On Tue, Apr 05, 2016 at 09:03:02PM +0100, Matt Fleming wrote:
> On Tue, 05 Apr, at 02:08:22PM, Chris Mason wrote:
> > 
> > I started with a small-ish program to benchmark wakeup latencies.  The
> > basic idea is a bunch of worker threads who sit around and burn CPU.
> > Every once and a while they send a message to a message thread.
>  
> This reminds me of something I've been looking at recently; a similar
> workload in Mel's mmtests based on pgbench with 1-client that also has
> this problem of cpu_idle() being false at an inconvenient time in
> select_idle_sibling(), so we move the task off the cpu and the cpu
> then immediately goes idle.
> 
> This leads to tasks bouncing around the socket as we search for idle
> cpus.

It might be worth making a way to claim the idle cpu.  If there are lots
of them, we'll fan out properly instead of piling up into the first one.
If there are very few of them, we'll figure it out much faster.

> 
> > It has knobs for cpu think time, and for how long the messenger thread
> > waits before replying.  Here's how I'm running it with my patch:
>  
> [...]
> 
> Cool, I'll go have a play with this.

I'm more than open to ways to improve it, and I'll send to Mel or put in
a git tree if people find it useful.

> 
> > Now, on to the patch.  I pushed some code around and narrowed the
> > problem down to select_idle_sibling()   We have cores going into and out
> > of idle fast enough that even this cut our latencies in half:
> > 
> > static int select_idle_sibling(struct task_struct *p, int target)
> >                                 goto next;
> >  
> >                         for_each_cpu(i, sched_group_cpus(sg)) {
> > -                               if (i == target || !idle_cpu(i))
> > +                               if (!idle_cpu(i))
> >                                         goto next;
> >                         }
> >  
> > IOW, by the time we get down to for_each_cpu(), the idle_cpu() check
> > done at the top of the function is no longer valid.
>  
> Yeah. The problem is that because we're racing with the cpu going in
> and out of idle, and since you're exploiting that race condition, this
> is highly tuned to your specific workload.
> 
> Which is a roundabout way of saying, this is probably going to
> negatively impact other workloads.
> 
> > I tried a few variations on select_idle_sibling() that preserved the
> > underlying goal of returning idle cores before idle SMT threads.  They
> > were all horrible in different ways, and none of them were fast.
>  
> I toyed with ignoring cpu_idle() in select_idle_sibling() for my
> workload. That actually was faster ;)
> 
> > The patch below just makes select_idle_sibling pick the first idle
> > thread it can find.  When I ran it through production workloads here, it
> > was faster than the patch we've been carrying around for the last few
> > years.
> 
> It would be really nice if we had a lightweight way to gauge the
> "idleness" of a cpu, and whether we expect it to be idle again soon.
> 
> Failing that, could we just force the task onto 'target' when it makes
> sense and skip the idle search (and the race) altogether?

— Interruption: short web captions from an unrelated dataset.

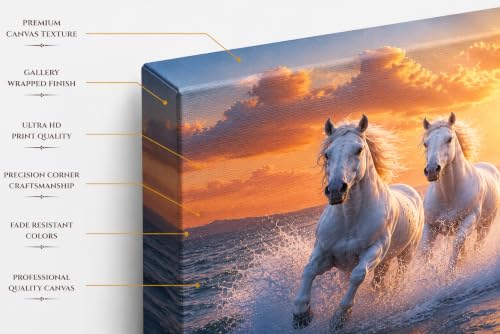Image of 7 Horse Vastu Sunrise Canvas Painting | Positive Energy Wall Decor | Big Size Premium Running Horses Artwork for Home, Office & Hall Decoration (Modern, Water Pink Horse, 44x20 Inch)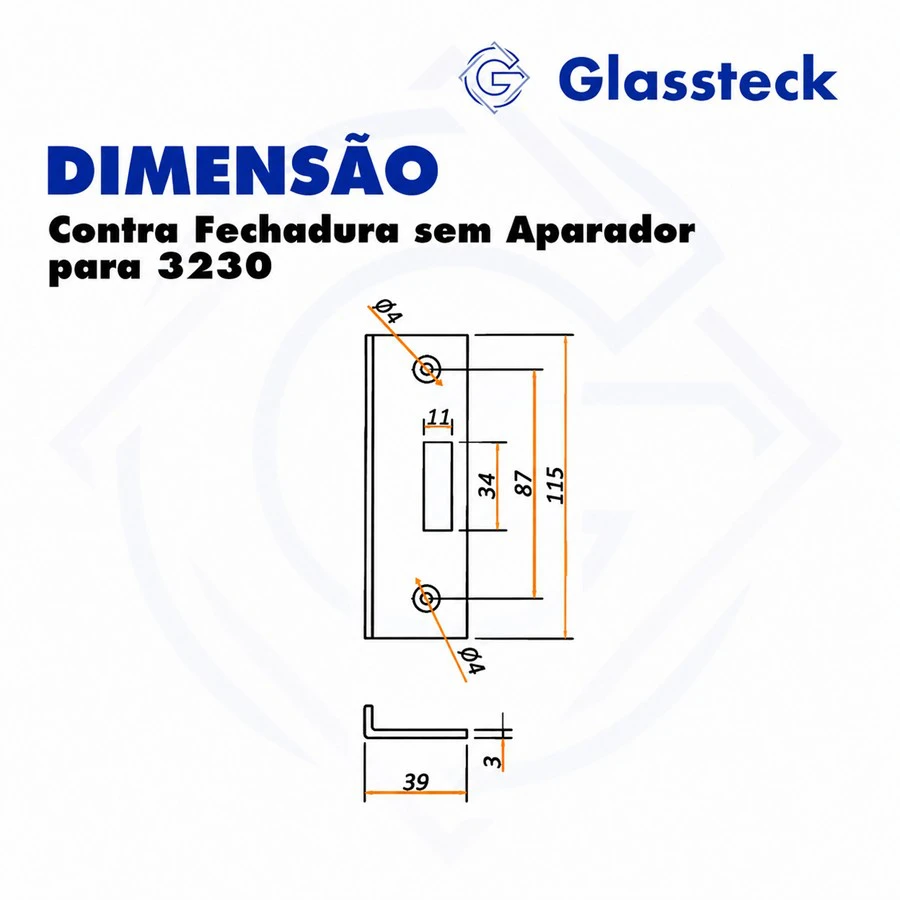 Contra Fechadura sem Aparador para 3210 -2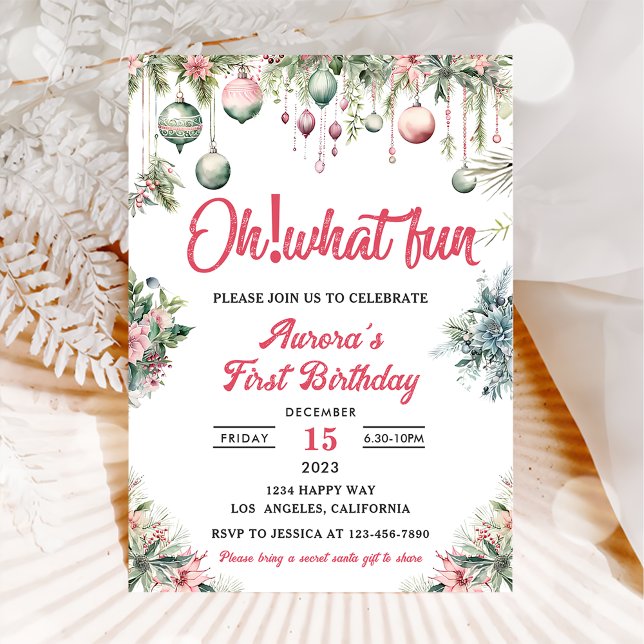 Convites Que Festa de Aniversário Floral de Natal Divertida (Criador carregado)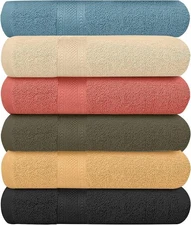 Pack of 6 Bath Towels Set 27 x 54 Inches, 100% Cotton, Larger & Lighter Weigh...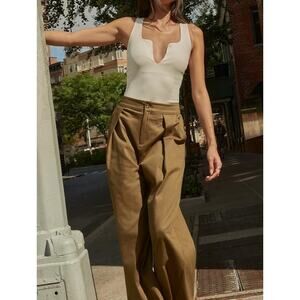 Coveteur x The Drop Ivory Slit Front Ribbed bodysuit Small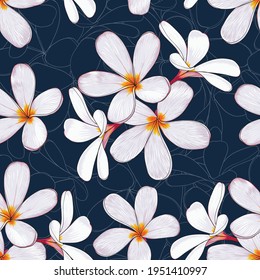 Seamless pattern floral with Frangipani flowers dark blue abstract background.Vector illustration hand drawn.fabric textile print design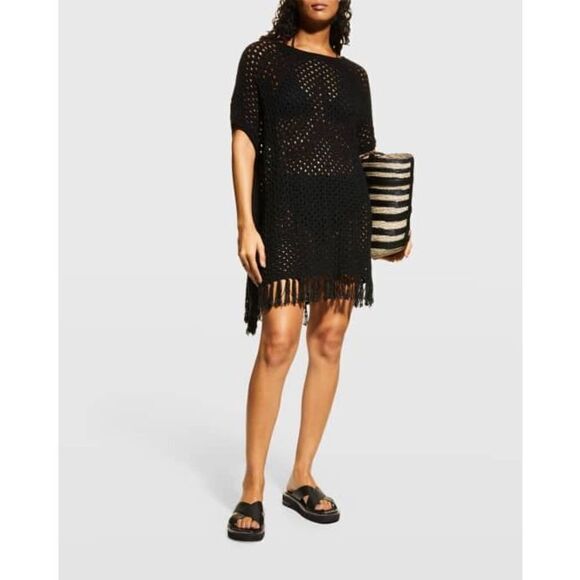 Tommy Bahama Blue Oversized Crochet Tunic Knit Fringe Kaftan Cover-Up Top‎ S/M - Picture 2 of 8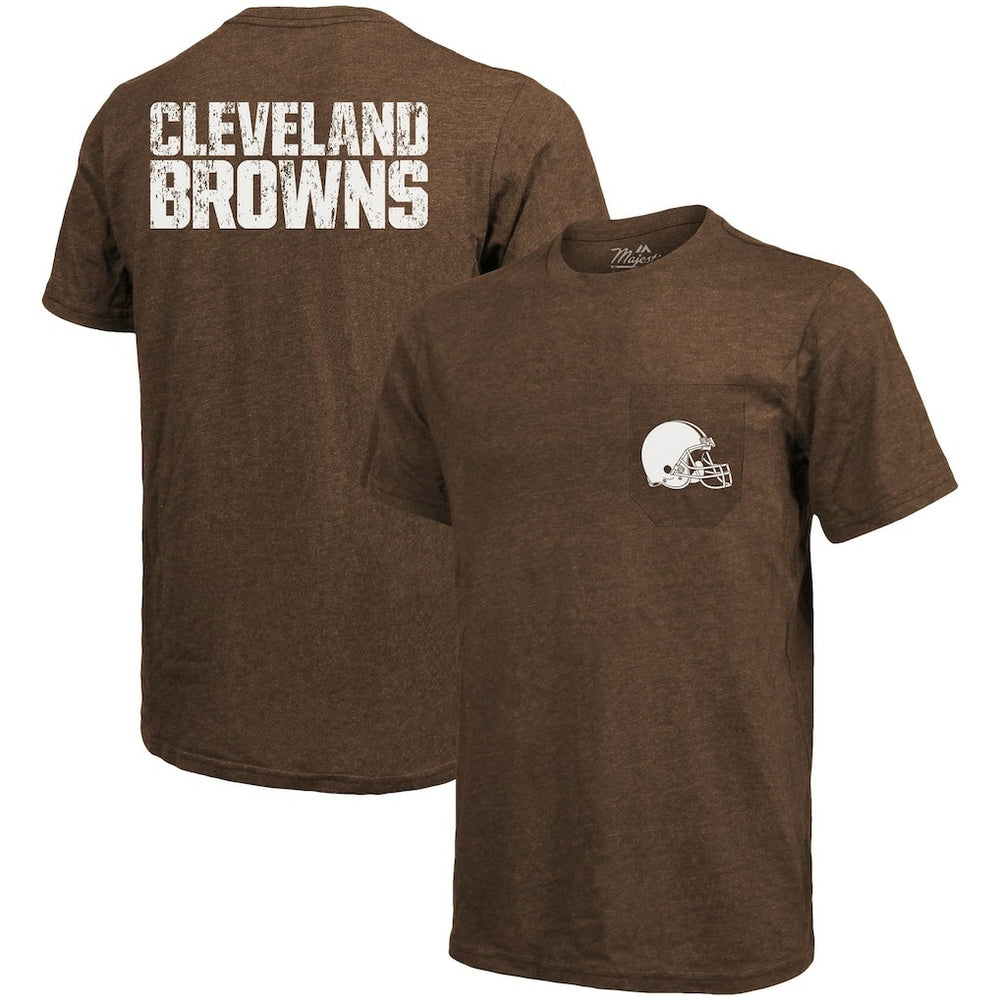 Cleveland Browns Majestic Threads Tri-Blend Pocket T-Shirt - Brown outlet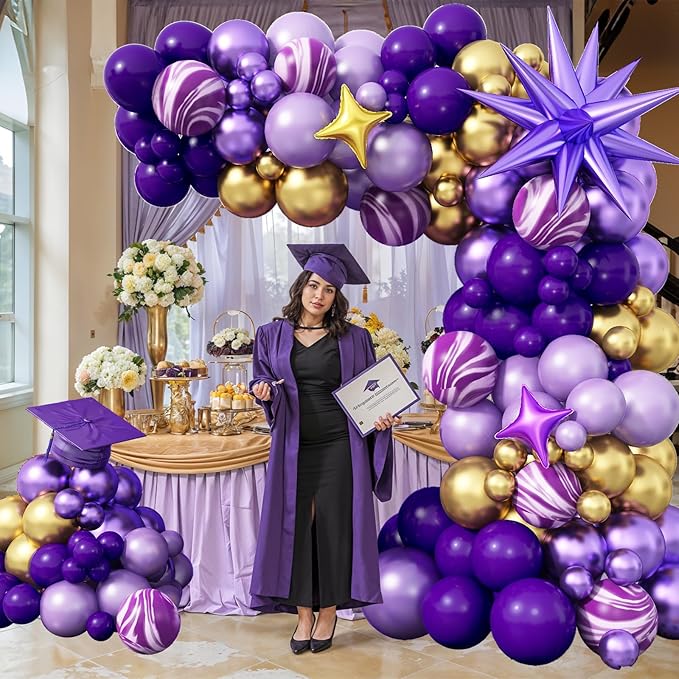 Purple and Gold Balloon Arch Kit Graduation Decorations 2026, 110Pcs Purple Balloon Garland with Explosion Foil Star Metallic Dark Violet Lavender Lilac Birthday Party Balloons for College School Prom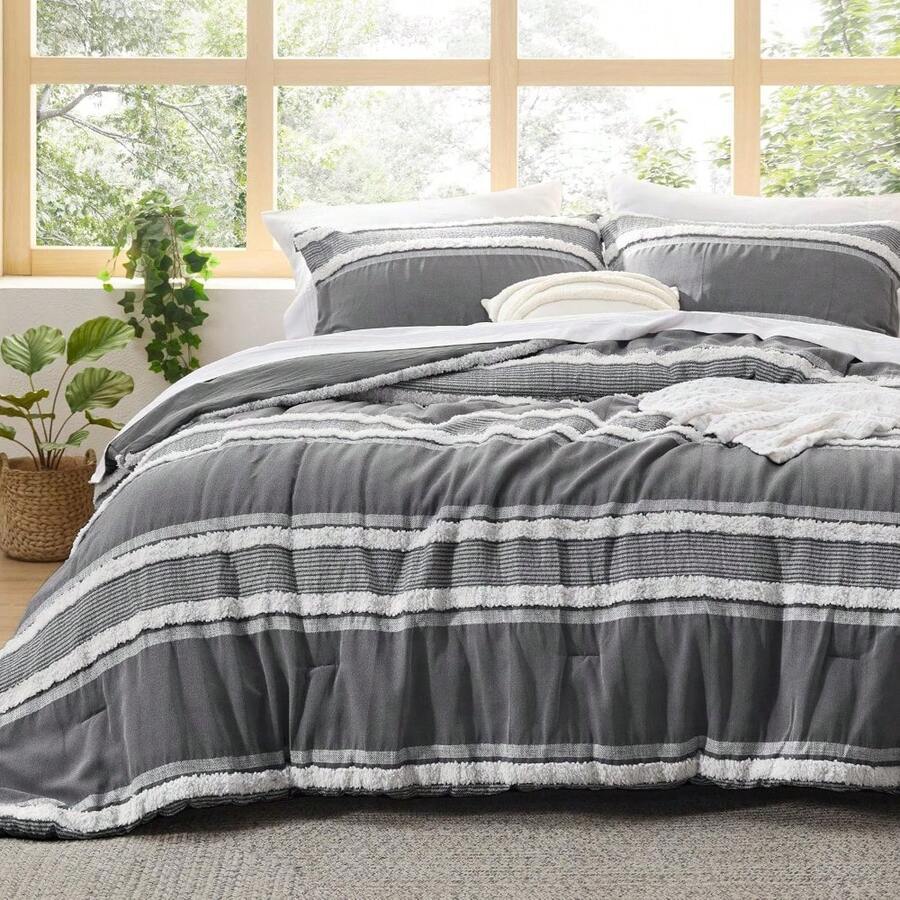 Luxurious Tufted Boho Comforter Set Queen Size - Premium Beige Bedding Ensemble With 3-Piece Shabby Chic Embroidery, Ideal Gifts For Women, Soft Jacquard Queen Comforter For All Seasons - 01 - 深灰色 - 提花 - 查看 1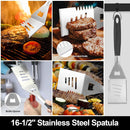HAUSHOF Large Grilling Accessories, BBQ Grill Set, Heavy Duty Stainless Steel Barbecue Utensils with 16-1/2" Spatula, Brush, Fork, Tongs, Skewers, Thermometer, Bag, Ideal Gift, 15PCS by GreenHaven Gardens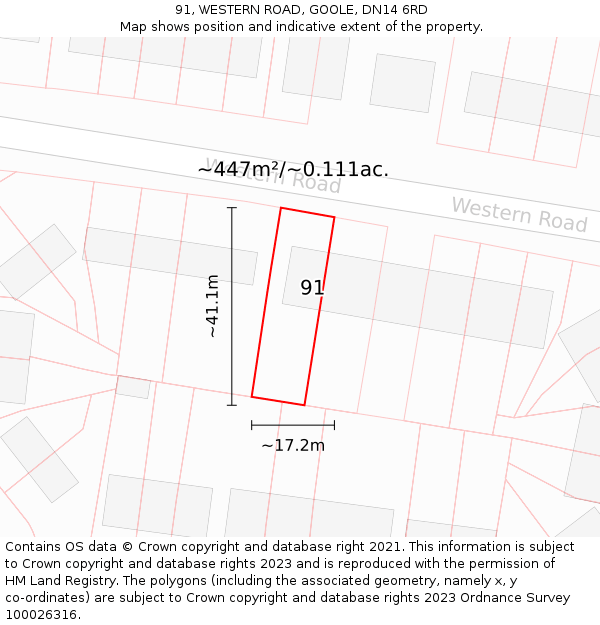 91, WESTERN ROAD, GOOLE, DN14 6RD: Plot and title map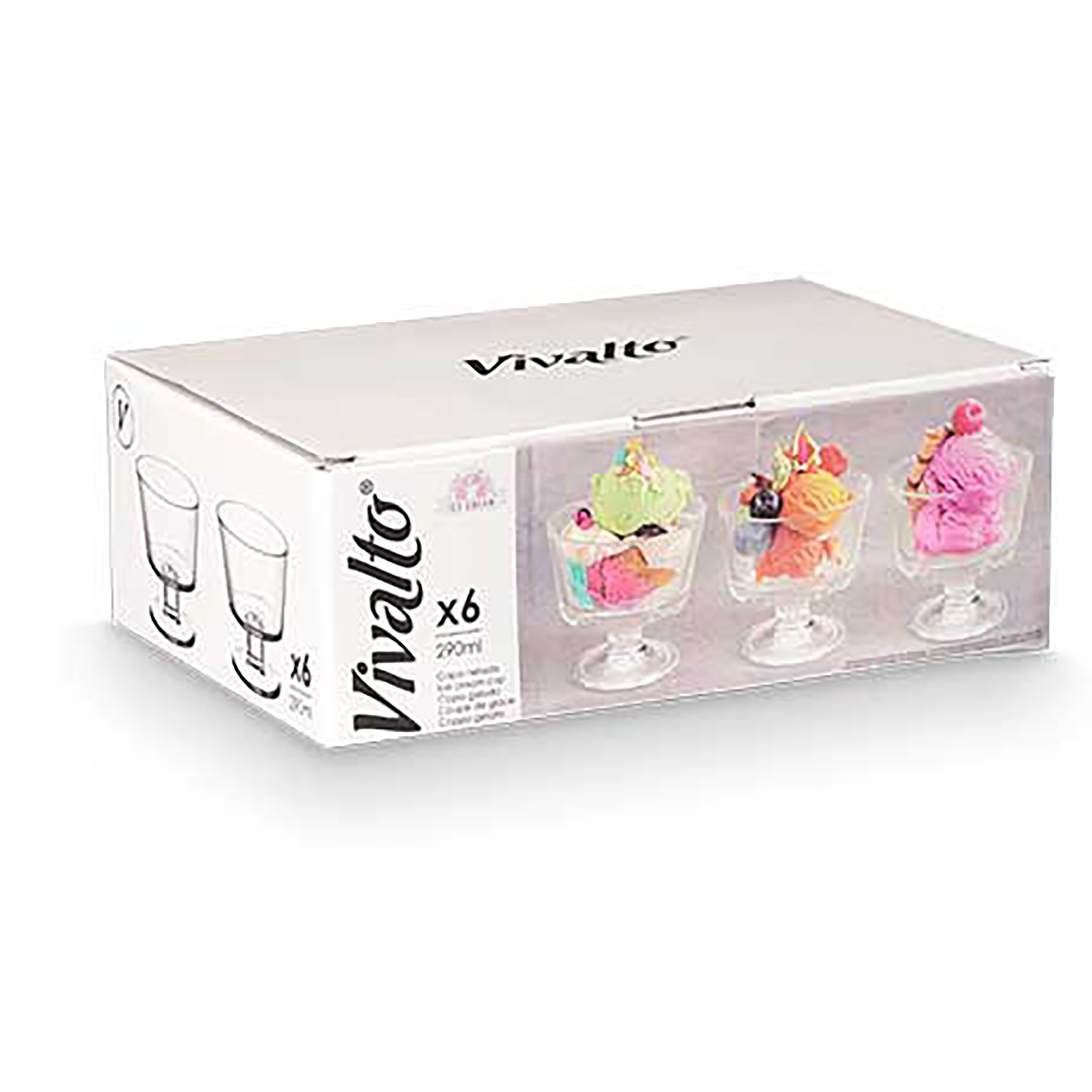 Eisbecher Desserttraum "Clara" aus Glas - 250 ml - 6er Set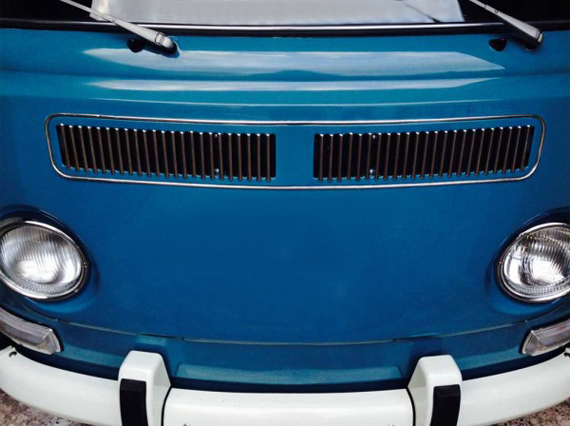 Rejilla decorativa delantera de aire, Furgoneta T2, -.72, acero inoxidable                          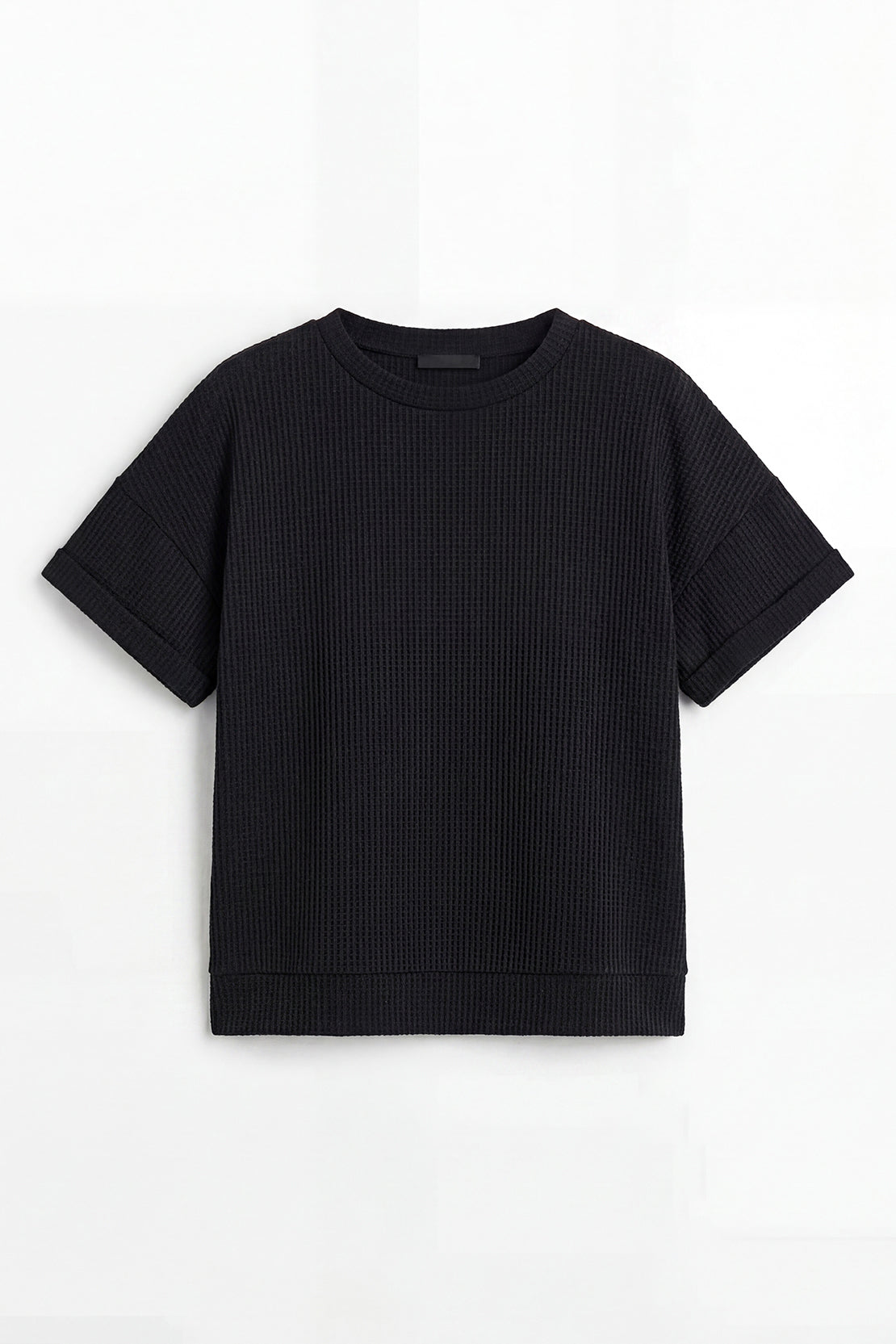 KOKO Structured knit Relaxed Crew Top – Olive & Black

To me it feels like the search for a full free core is impossible.  The boxes
are intentionally loaded to the point where a full core is never going
to be free.  So we need this loop to quickly pick a good candidate and
move on.

The benchmark is using ~30ms of CPU time in each worker thread, so
picking a CPU with a busy worker thread is going to have a pretty big
penalty.  Just grabbing any CPU and hoping it'll be idle soon isn't
likely to work well, and if it does that's probably a bug in my
benchmark ;)

You can see this in action by adding one (or at most two) more threads
to the command line.  The p99 jumps quickly to 2ms or more.